Biliyordum, kör değildim. Üstelik gözlerini gördüğümü söylemişken öfkesini görmemek körlük olurdu. Soluğu istediği zaman benim yanımda alabilirdi, onun için ne, ne kadar gerekiyorsa yapabilirdim.  Gülümsedim. Cevap vermedim ve Hazer arabayı kırmızı ışıkta durdurduğunda uzanıp cebimden telefonumla, kulaklığımı çıkardım. Koltuğun izin verdiği kadarıyla vücudumu ona çevirdim ve kulaklığı giriş yerine takarak birini ona uzattım. Hazer ona doğru uzattığım kulaklığa baktığında, "Yeni bir şarkı keşfettim," dedim heyecan içinde. "Şarkıyı dinlerken aklıma sen geldin... Saatlerdir sana dinletmeyi bekliyordum."

Hazer bu heyecanımı parlak gözlerle izlerken uzanıp kulaklığı aldı ve sağ kulağına yerleştirdi. İkimizin de kulaklığı takabilmesi için koltukta ona doğru yaklaştım ve kulaklığın diğer girişini sol kulağıma takarak boynumu omzuma yatırdım. Saç tutamlarımı yanağımda hissederken tedirgin bir gülümsemeyle şarkıyı açtım ve müzik, aynı anda kulaklarımıza çarparak kalbimize ulaştı. Kaşını, kirpiğini, amber gözlerindeki duygu geçişlerini izlerken, "Şarkının adı ne?" Diye sordu fısıltıyla.

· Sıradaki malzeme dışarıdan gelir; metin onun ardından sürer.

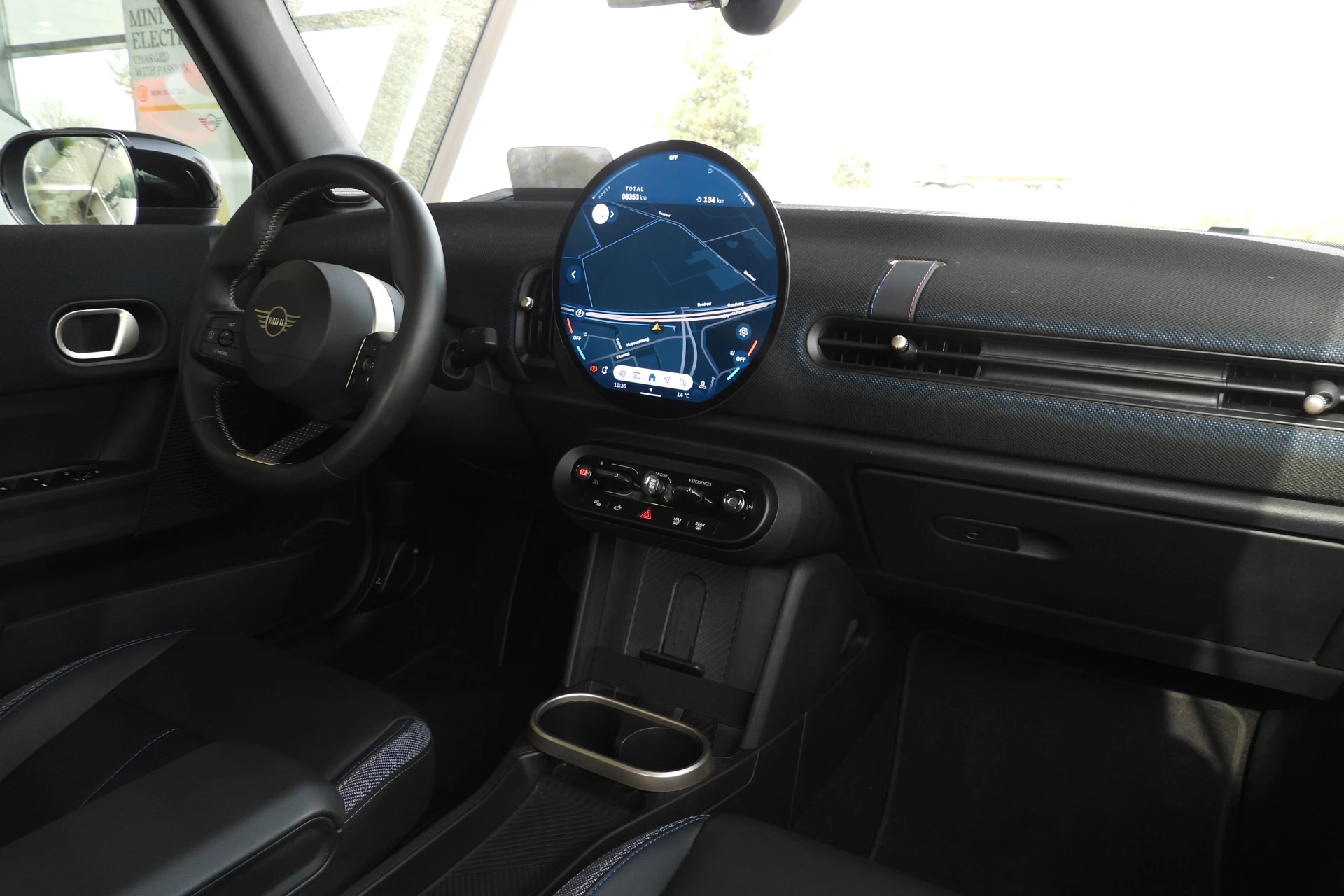 Hoofdafbeelding MINI Cooper Cabrio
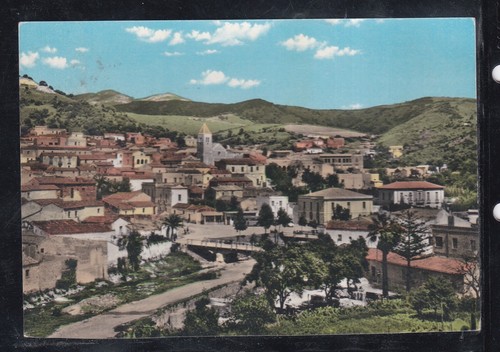 Cartolina teulada centro - cartolina,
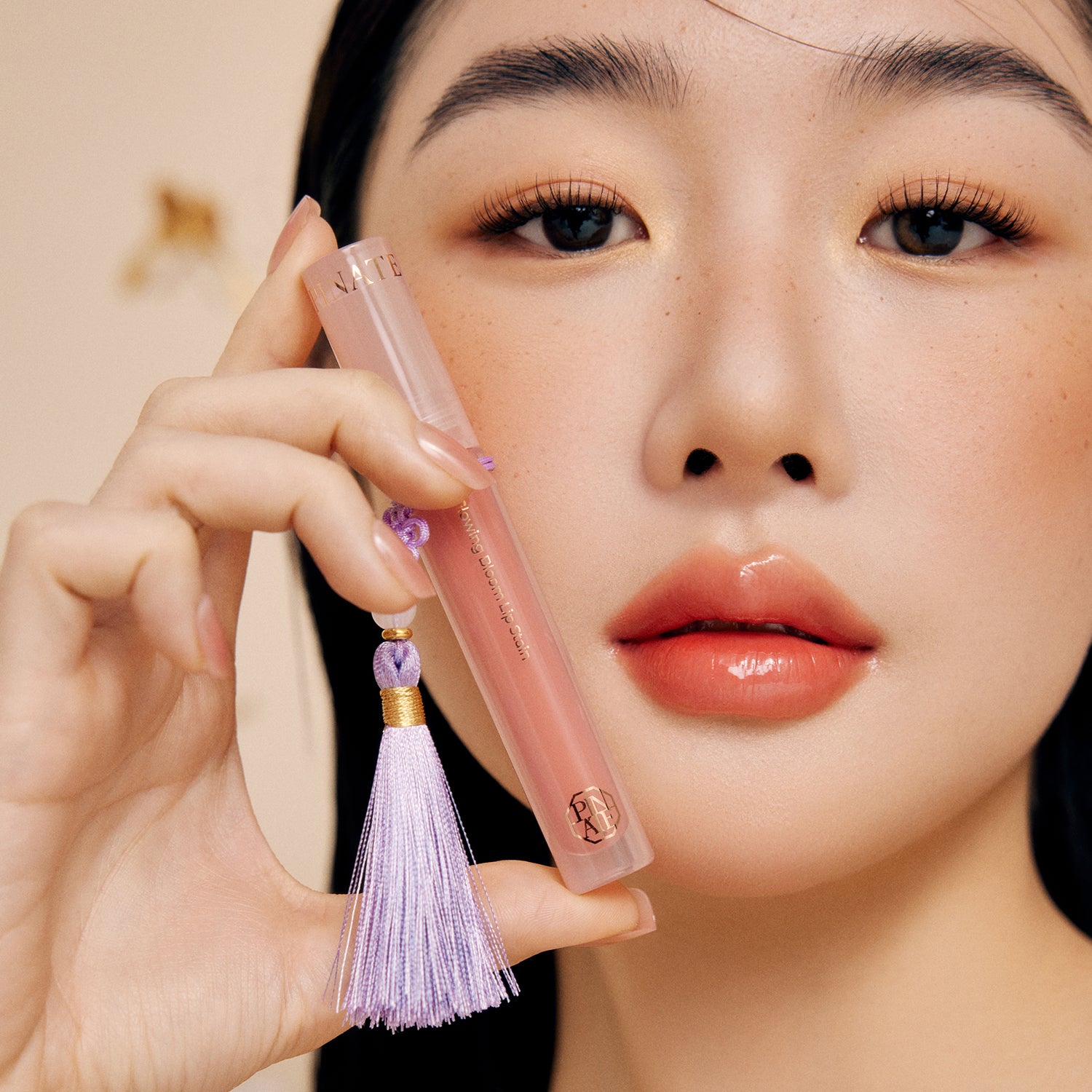 Glowing Bloom Lip Stain - 5 Colors - 10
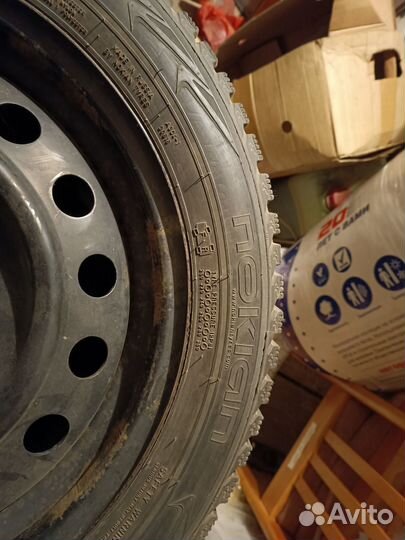 Nokian Tyres Nordman 5 205/55 R16 94T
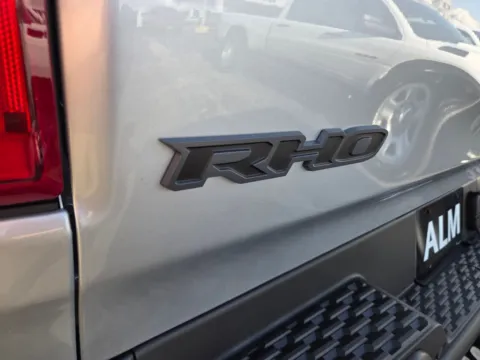 More photos of 2026 Ram 1500 RHO at ALM CDJR Perry, GA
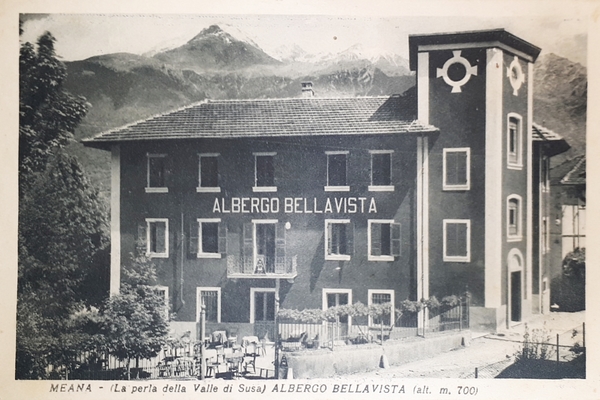 Cartolina - Meana - La Perla della Valle di Susa …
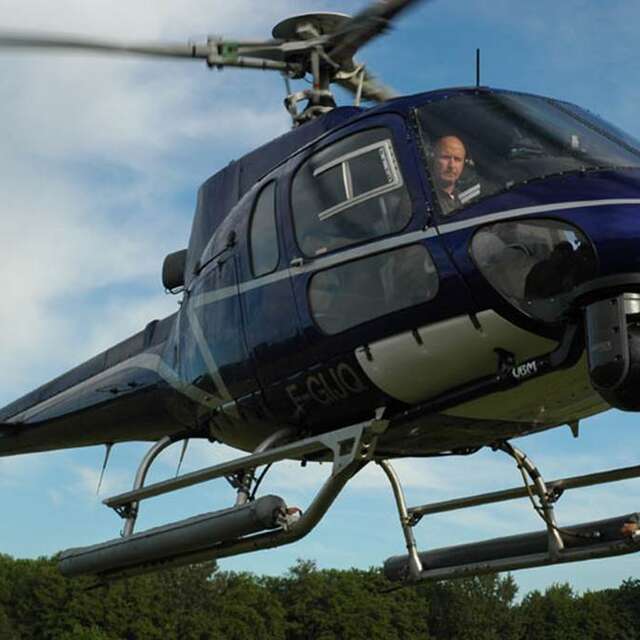 Bretagne Helicoptères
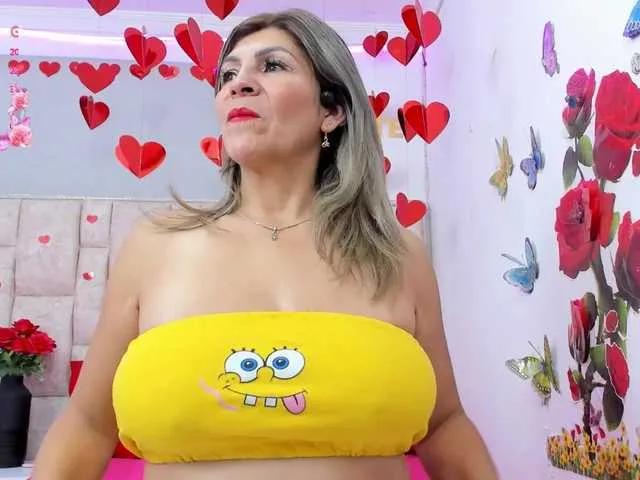 Celeste-Linco on BongaCams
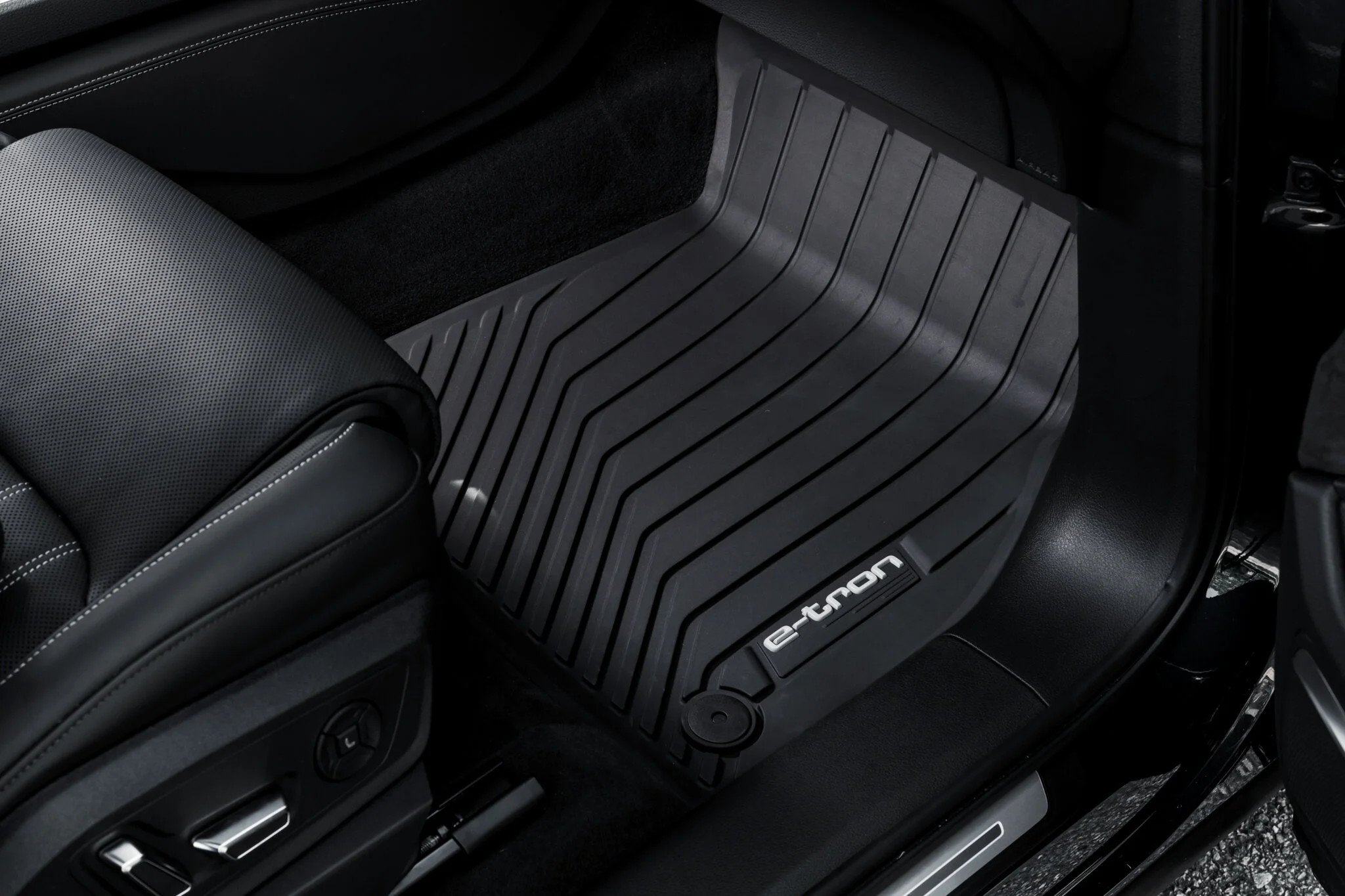 Audi e-tron Charging Campaign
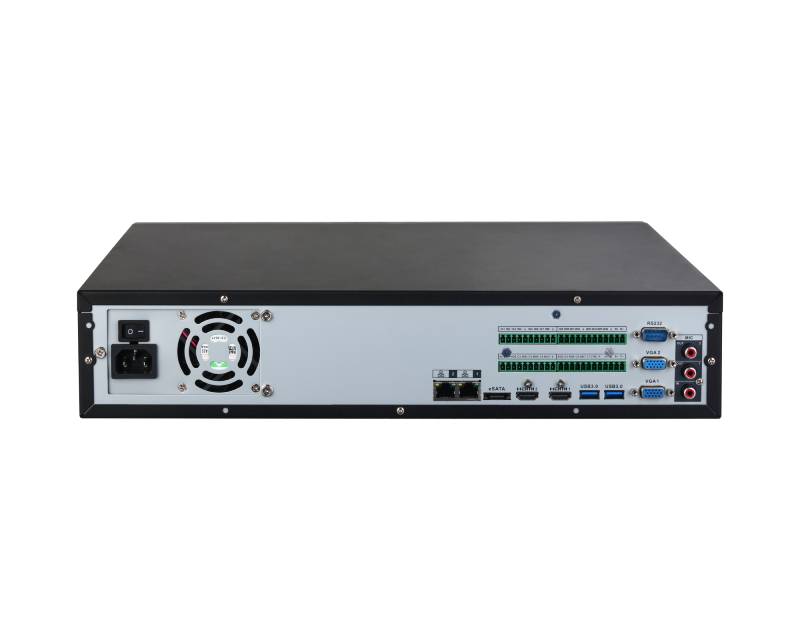 Dahua NVR NVR5832-EI 32CH 2U 8HDDs WizSense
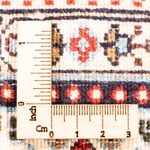 Tappeto Persero - Classico - 120 x 80 cm - rosso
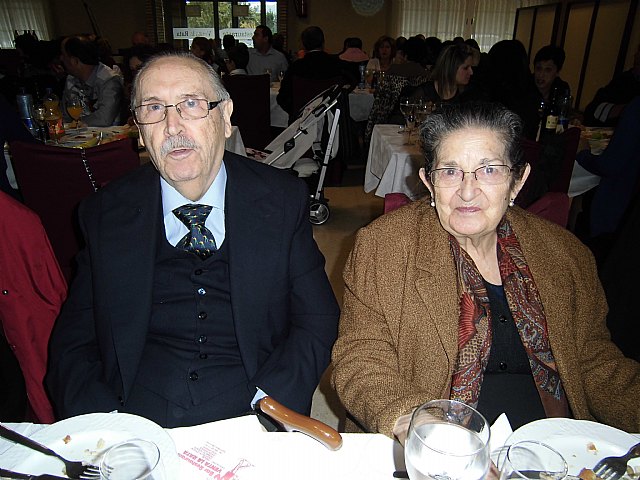 Comida de convivencia. Hermandad de Santa Mara Magdalena - 42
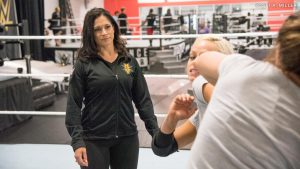 Sarah Stock released from WWE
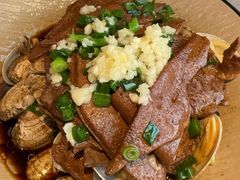 猪肝花蛤-佬太公海鸭·海鲜大排档(上海总店)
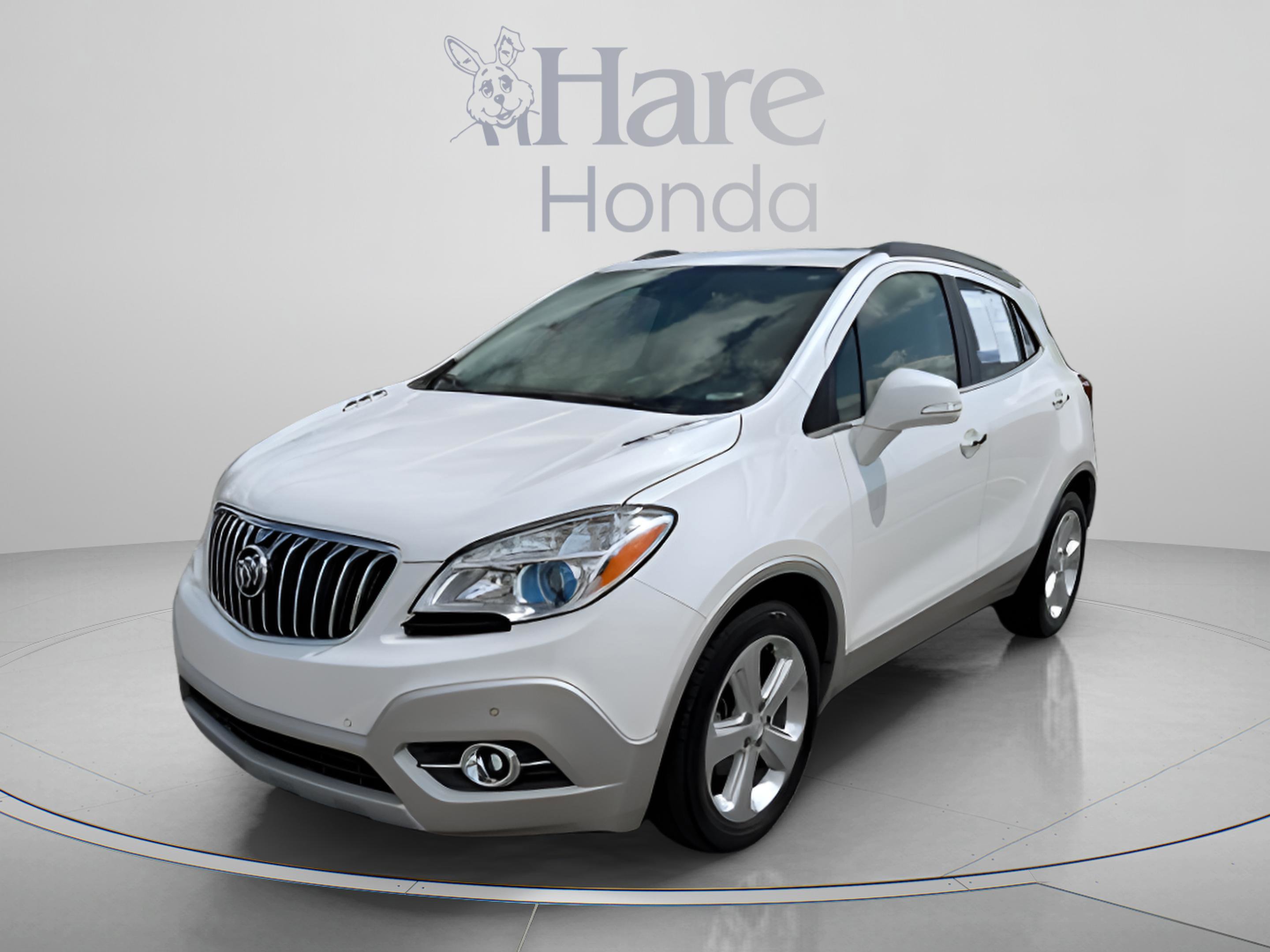 Used 2015 Buick Encore Premium FWD image 1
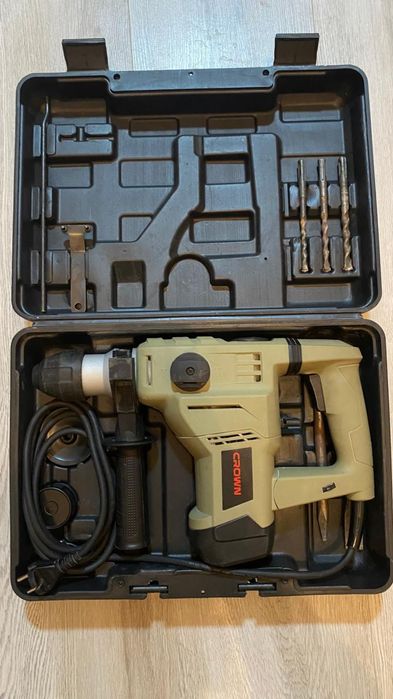 Продам перфоратор в новом состоянии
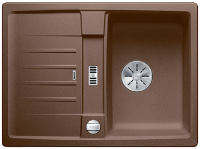 Logo Evier blancolexa 40s - granit muscade - 524888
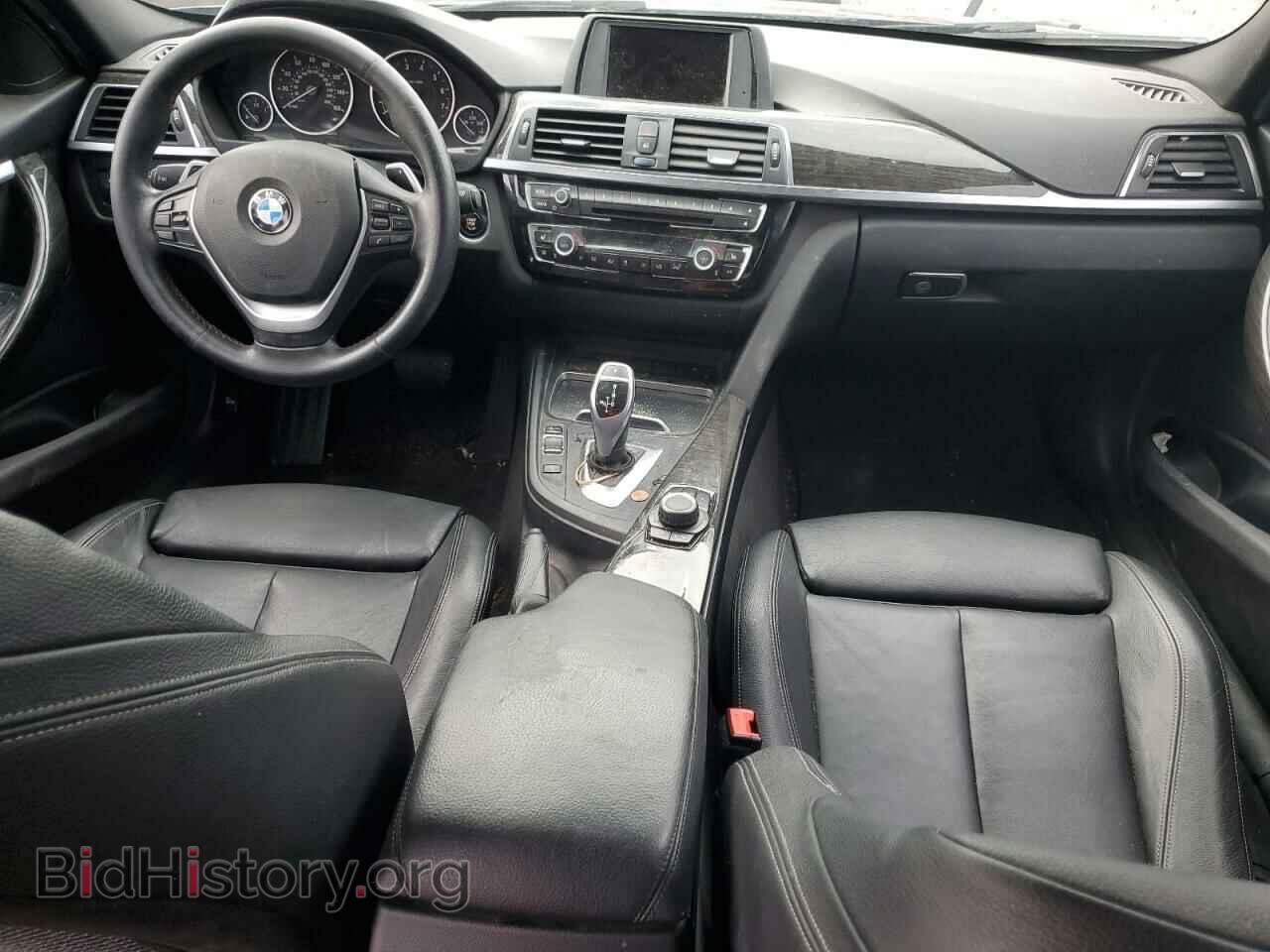 2016 BMW 3 SERIES - VIN: WBA8E3G53GNU04122 - Фото 8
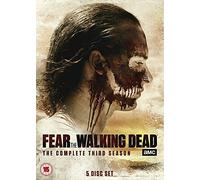 Fear The Walking Dead Season 3 [Edizione: Regno Unito] [DVD]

"Amor mio," diye fısıldadım, yakınlığı başımı döndürürken. Hazer sertçe yutkundu ve bu kelimenin Türkçe karşılığına ihtiyacı olduğunu anlayarak ona bu kelimenin Türkçesini söyledim. "Aşkım."

Hazer'in gözleri, bir avuç ateşi ağzıma doldurdu ve vücudum hafifleyerek neredeyse eridi. Bakışları dudaklarıma düştü ve eş zamanlı olarak, "Bir daha söylesene," diye fısıldadı, esrarengiz bir sesle.

"Amor mio," diye tekrarladım elimi dizine koyarken. "Aşkım."

Hazer derin, telaşlı bir nefes aldı ve başını indirip dizindeki parmaklarıma baktı. Elimin içinde sıcaklığı hissediyordum. Gözleri tekrar bana döndüğünde ona gülümsedim ve Hazer "Amor mio," diye beni tekrarladıktan sonra kafasını salladı. "Sevdim, bizim şarkımız olsun."

"Olsun."

"Olsun."

Beni tekrarlaması hoşuma gittiğinde biraz daha gülümsedim ve elimi dizinden çekerek ondan uzaklaştım. Koltuğumda kayarken, şarkının sesini duymaya başladım ve Hazer'in yüzünü ovaladığını görerek sakince önüme döndüm. Belli etmemeye çalışsam da ellerim deli gibi titriyordu. Yüzüne bakıp her iki dilde de aşkım demek öyle aptalca ve öyle... mutlu ediciydi ki.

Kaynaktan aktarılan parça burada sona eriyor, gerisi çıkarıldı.